Drôle et tendre Barbier de Séville à Liège
La mise en scène de Vincent Dujardin assume pleinement l’humour de l’opéra-buffa jusqu’à l’esprit vaudeville et à la comédie physique avec ses personnages déguisés, saouls, et autres bouteilles brisées sur la tête. Mais cet humour se marie toujours d’une délicatesse attendrissante : les personnages passionnés et dépassés par leurs émotions sembleraient presque sortir d’une “romcom” (comédie romantique) version espagnole -en italien- des années 1950 avec leurs élégants costumes signés Leila Fteita.
Le public rit ainsi de bon cœur, tout en paraissant visiblement touché par l’émotion. Il faut dire que, dès l’ouverture instrumentale, l’assistance a le sourire aux lèvres, et même jusqu’aux oreilles qui savourent les qualités de cette musique et de son orchestre. Le maestro Giampaolo Bisanti, précis et déterminé, ne presse nullement le tempo, privilégiant la qualité de la ligne musicale, plutôt que le grand crescendo de nuances et de tempi. La partition est ainsi nourrie à la fois posément et dans sa vivacité naturelle, sachant accompagner avec beaucoup de complicité le jeu des solistes et du chœur dont les basses et ténors créent un ensemble plutôt aérien (tantôt peuple vénal, tantôt garde autoritaire, toujours énergique).
C’est ainsi sous les balcons d’une place de Séville plus tard transformée en intérieur d’appartement, reproduits par Leila Fteita dans la salle belge, et sous les éclairages matinaux ou nocturnes de Bruno Ciulli, qu’une première distribution de solistes s’illustre dans les complexes agilités de cette partition, rendue avec musicalité.
Même les rôles modestes présentent leurs qualités vocales. La Berta d’Eleonora Boaretto notamment : cette domestique négligée a pourtant beaucoup à dire, ce qu’elle finit par faire à l’aide d’une voix suppliante et incisive, ponctuée d’éternuements tout aussi perçants. En Fiorello (valet d’Almaviva), Ivan Thirion affirme un jeu solide avec un timbre chaleureux et une ligne de chant assurée. L’officier de la garde offre à Marc Tissons une brève mais juste et autoritaire apparition vocale.
Don Basilio, personnage intéressé joué par Mirco Palazzi, s’exprime quant à lui à travers une basse chaude et profonde, ceci dit quelquefois légèrement trop sourde.
Le célèbre Figaro, incarné par Vittorio Prato, débarque sur scène en vespa (anachronisme assumé dans la mise en scène), jean, veste en cuir et lunettes de soleil, et se présentant d’office dans une forme de nonchalance du personnage. Non moins opportuniste et fier, il scande son arrogance à l’aide de sonorités tout aussi assurées.
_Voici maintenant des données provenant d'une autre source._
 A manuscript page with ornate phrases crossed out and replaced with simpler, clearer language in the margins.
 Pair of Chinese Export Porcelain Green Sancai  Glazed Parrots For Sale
Sa voix se fait souvent moqueuse, et il maîtrise aussi bien un chant volontairement nasillard que très rapide. Sa force de projection vocale s’associe aisément avec celle des autres protagonistes, dont le séduisant Almaviva.
Personnage charmeur et charmant, le comte Almaviva fait montre avec Ruzil Gatin d’une puissance vocale impressionnante, appuyée par la projection impeccable d’une voix de ténor au vibrato maîtrisé en de longues sérénades. Il dépeint ainsi un amant sincère et passionné, également capable d'accélérer dans ses moments de contrariété qui amusent beaucoup le public. Il n’enlève cependant rien à l’éloquence de son adversaire, Don Bartolo qu’incarne Pablo Ruiz.
Ce personnage passif-agressif se ridiculise par une tyrannie puérile qui le pousse à marmonner des phrases rapides. Indifférence, rage, jalousie débordante… toute une palette d’émotions et une puissance d’obstination se marquent dans son chant expressif : un rythme très varié dans ses extrêmes, des notes perchées pour singer le chant de sa pupille, de profondes lamentations, une colère essoufflée, une voix qui se brise parfois aussi (volontairement).
Enfin, Rosina, ici piquante jusqu’au sarcastique, s’affirme avec Aya Wakizono, joueuse et sûre d’elle. Personnage rusé qui passe aisément d’un registre à l’autre, avec un chant aussi haut en couleurs qu’en aigus, sa voix déploie de riches textures et matières avec naturel. Si sa frénésie peut être un obstacle à la justesse du chant, elle ne fait qu'appuyer celle du personnage, dans une intensité qui se déploie sur des crescendos ardemment projetés.
Les solistes sont très chaleureusement applaudis après chaque aria, et les acclamations régulières tout au long de cette représentation culminent au rideau, d’un public liégeois conquis.